[Image-text web data]
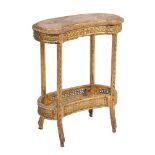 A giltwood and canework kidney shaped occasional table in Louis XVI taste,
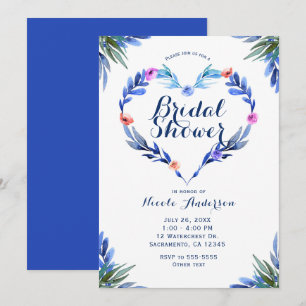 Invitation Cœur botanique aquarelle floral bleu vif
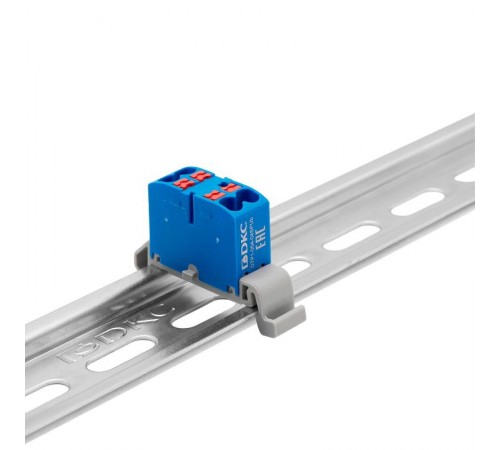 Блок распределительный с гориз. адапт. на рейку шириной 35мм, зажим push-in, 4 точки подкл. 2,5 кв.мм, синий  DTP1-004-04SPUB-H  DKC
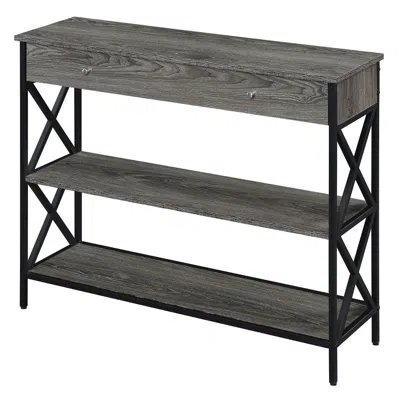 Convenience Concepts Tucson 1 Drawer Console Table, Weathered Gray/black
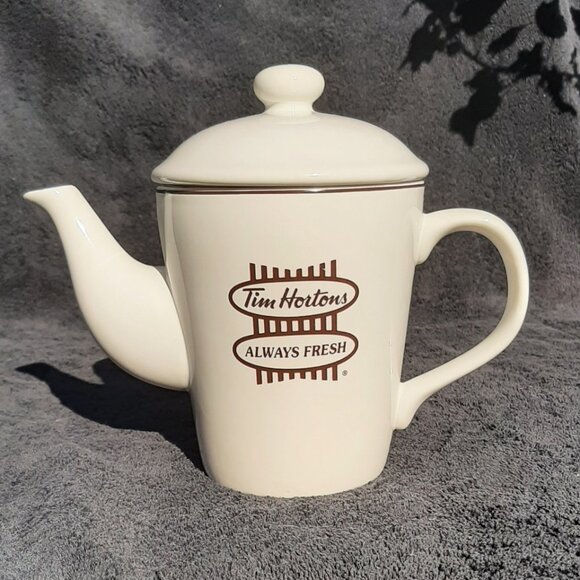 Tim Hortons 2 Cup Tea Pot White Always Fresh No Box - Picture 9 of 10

TASK TO CARRY OUT: Without the pictures, retype exactly the lines from the one that holds "Convenience Concepts Tucson" to the last line of the data above, both of them included.

EXERCISE ANSWER:
 Convenience Concepts Tucson 1 Drawer Console Table, Weathered Gray/black
 Tim Hortons 2 Cup Tea Pot White Always Fresh No Box - Picture 9 of 10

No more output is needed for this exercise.